L'annonce tôt ce lundi matin a eu lieu comme c'est désormais souvent le cas sur les réseaux sociaux. Celui qui fut l'âme du Projet archéologique Chichen Itza entre autres, la voix farouche de la protection et de la transmission du patrimoine archéologique depuis le Yucatan n'est plus. Il avait pourtant traîné ses chaussures de marche, son chapeau et sa chemise en Allemagne et au Nicaragua avant de débarquer en 1973 au Mexique pour prendre la direction du Proyecto Huejotzingo et d'entrer au Centre INAH du sud-est en 1977, fouillant déjà à Chichen Itza et à El Meco et Kohunlich au Quintana Roo.
Cette identification avec Chichen Itza est dû aux avancées notables qu'il a pu provoquer. En 1980, il détermine le polygone qui mitigera les affres subis par le patrimoine, la faune et la flore du site.
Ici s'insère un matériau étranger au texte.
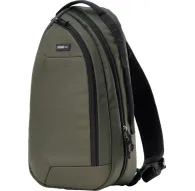 Green Think Tank TurnStyle 11L sling bag made from eco-friendly materials, featuring a padded tablet pocket and breathable mesh back panel for photographers.Green Think Tank TurnStyle 11L sling bag made from eco-friendly materials, featuring a padded tablet pocket and breathable mesh back panel for photographers.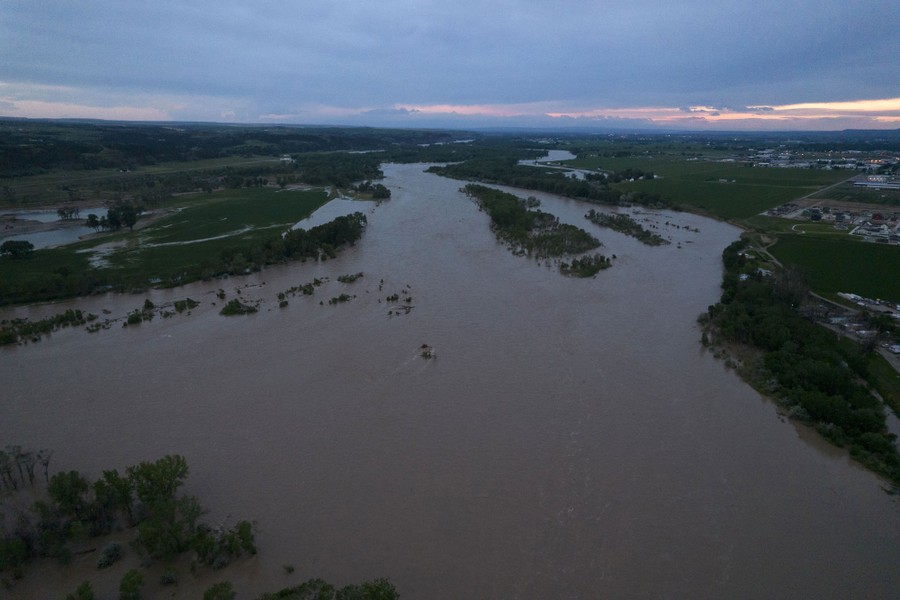 An aerial view of a flooded river on a broad plain of trees and farms.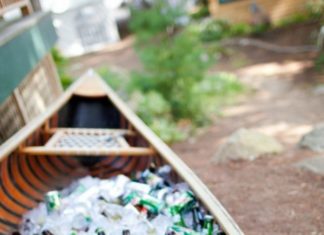 Birthday Decoration : Use a canoe to chill beverages at an outdoor party. And wow, that's a lot of…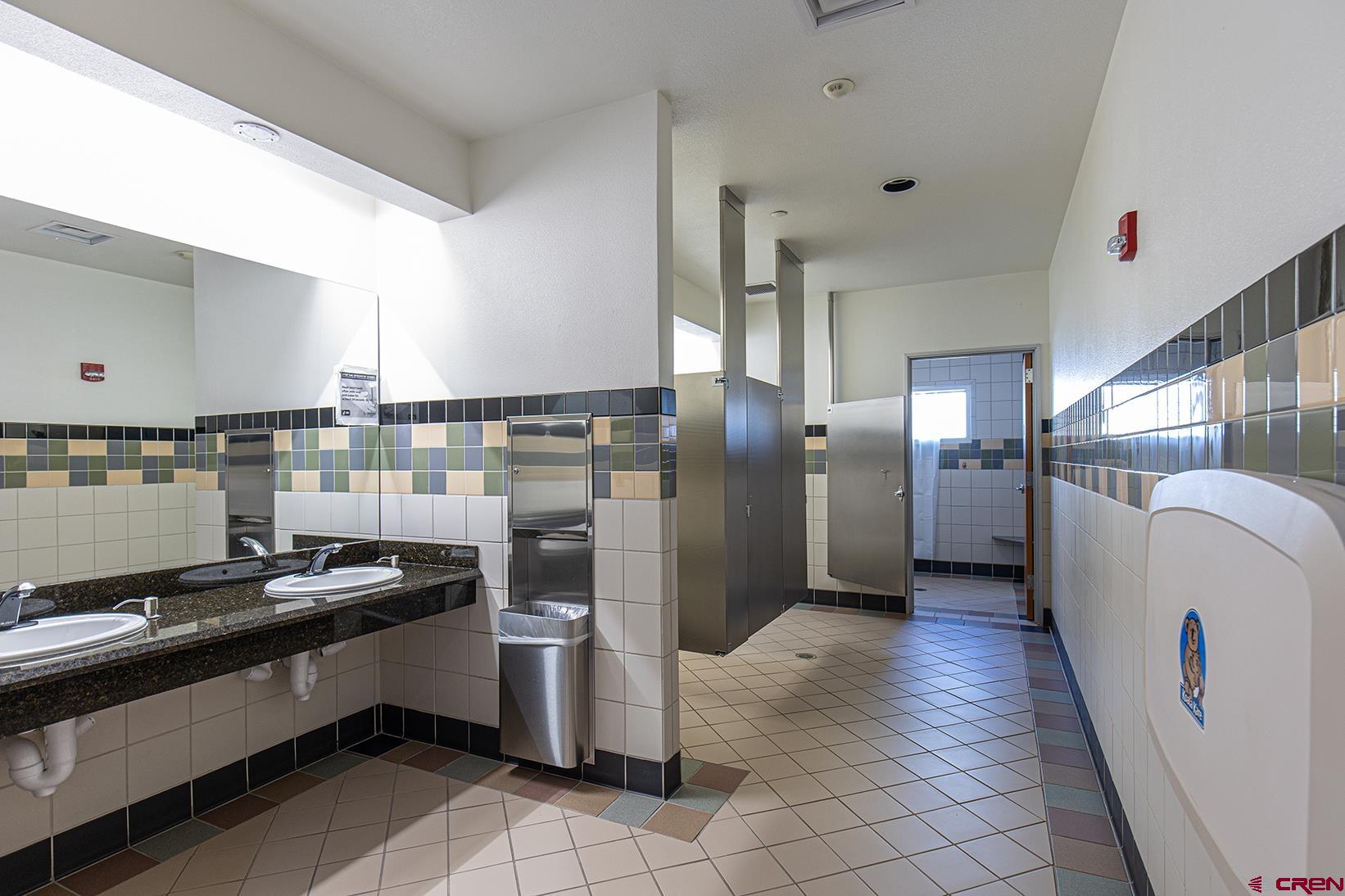 175 Mercado Street, Unit 234 Durango, CO 81301 - Photo 14 of 39 a kitchen with stainless steel appliances granite countertop a refrigerator and a stove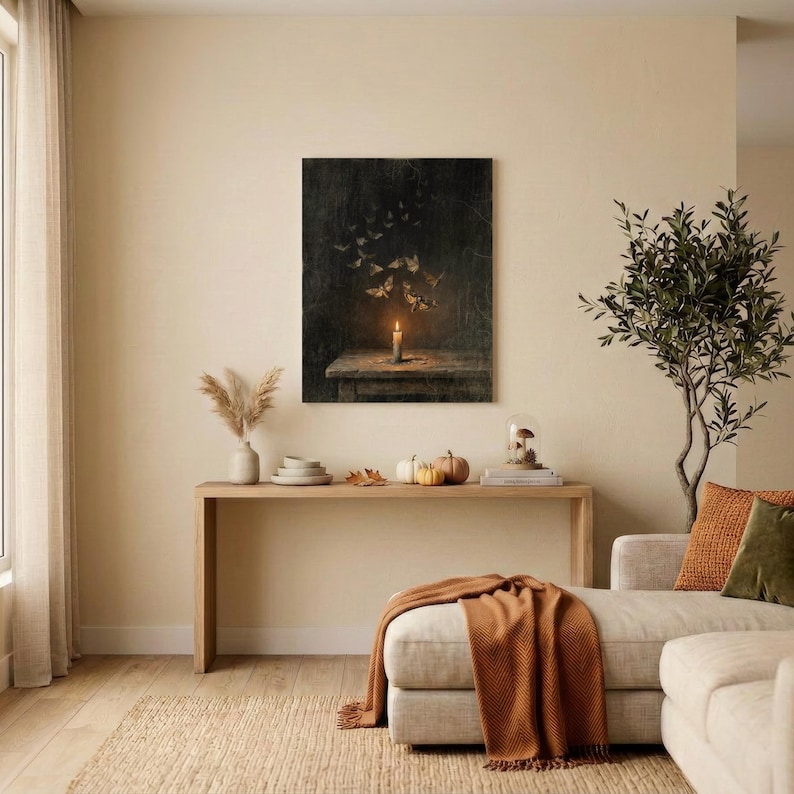 May include: A rectangular wall art print featuring a dark, moody scene of a single lit candle on a wooden table with a swarm of moths flying upward into the shadows. The artwork is displayed in a living room setting above a long wooden console table.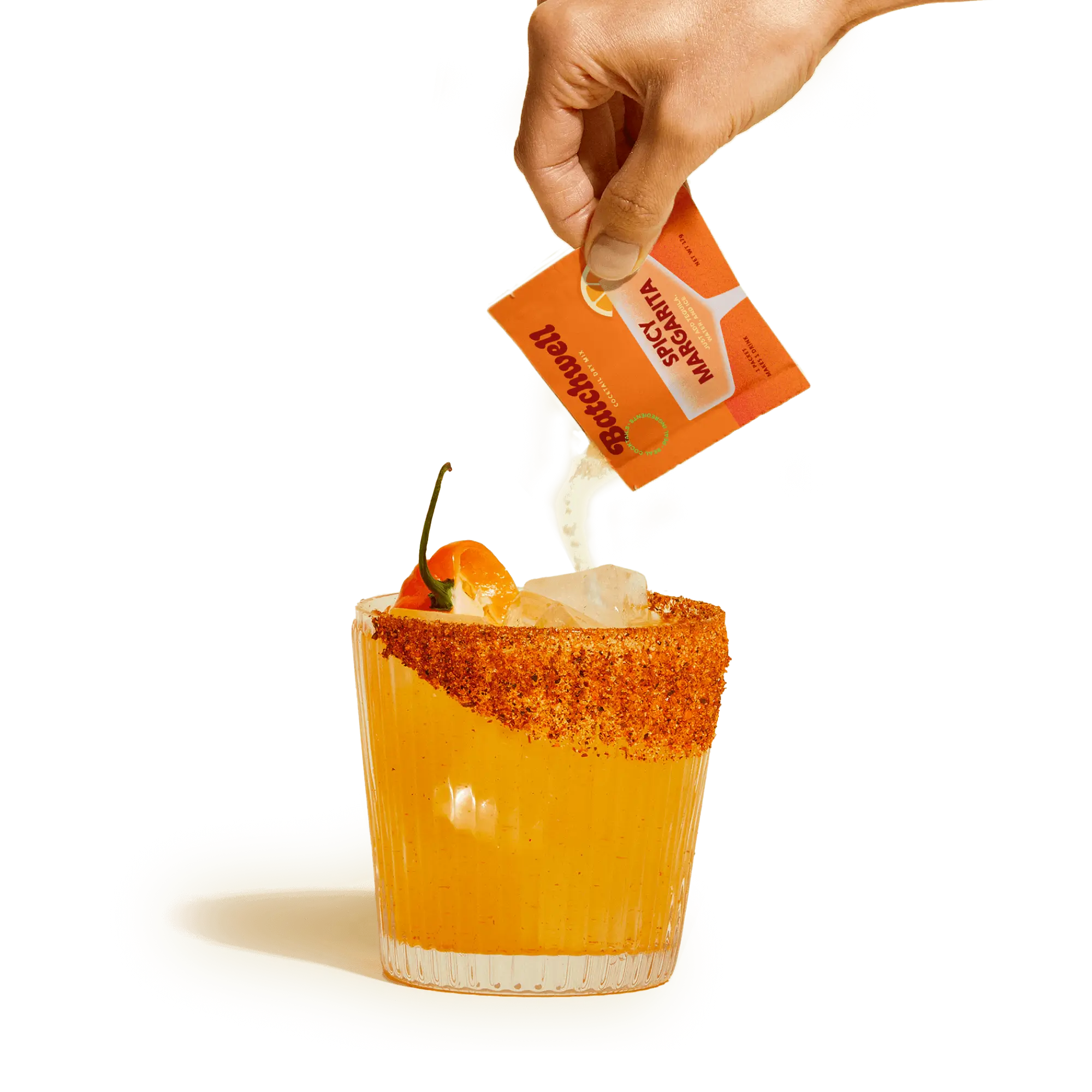 hand pouring a spicy margarita sachet into a glass with ice, a salted rim, and a jalapeño on top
Ce tracé sera repris ensuite dans le décret présidentiel qui fait de Chichen Itza une zone de monuments archéologiques. En 1993, il prend la direction du projet archéologique qui étudiera l'architecture, la sculpture, l'iconographie, l'agriculture, la chronologie ou encore les ouvrages hydrauliques qui constitue le site.
Il suffit de lire la presse nationale au Mexique pour se rendre compte du séisme que son départ à provoqué. L'hommage poignant de Giovana Jaspersen, actuelle jeune directrice du Museo Regional Palacio Cantón, envers son prédecesseur à ce même poste entre 1983 et 1993, donne toute la mesure de l'héritage scientifique et culturel laissé par ce natif d'Hambourg mais aussi d'un vide qui sera difficile à combler.
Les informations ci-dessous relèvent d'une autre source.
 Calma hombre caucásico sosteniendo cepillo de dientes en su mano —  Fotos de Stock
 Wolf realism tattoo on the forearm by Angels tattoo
Apprécié tout particulièrement de ses collègues de l'INAH Yucatán, son aura a rayonné bien au-delà. Lorsque je me suis présenté en octobre 2004 aux portes de la Zone Archéologique de Chichen Itza, Pancho m'emmena alors au campement des archéologues. Là, assis tranquillement dans la cuisine avec différents membres du projet et employé(e)s du site, mettant la main à la pâte, il m'accueillit simplement et chaleureusement.
"Tu as déjà mangé ?"
- Non, répliquai-je. Je descends juste du bus qui vient de Valladolid où j'ai pris le petit déjeuner avant de partir.
- Tu nous accompagnes pour le repas alors ?
Quand bien même je mourais d'envie d'entrer sur le site pour photographier les serpents à plumes dont j'avais tant besoin pour mon corpus photographique, impossible de refuser l'invitation. Tout d'abord par politess. Ensuite parce qu'il faisait partie des auteurs que j'avais lu d'arracher pour soutenir mon DEA deux ans plus tôt, ensuite parce que j'avais franchement les crocs.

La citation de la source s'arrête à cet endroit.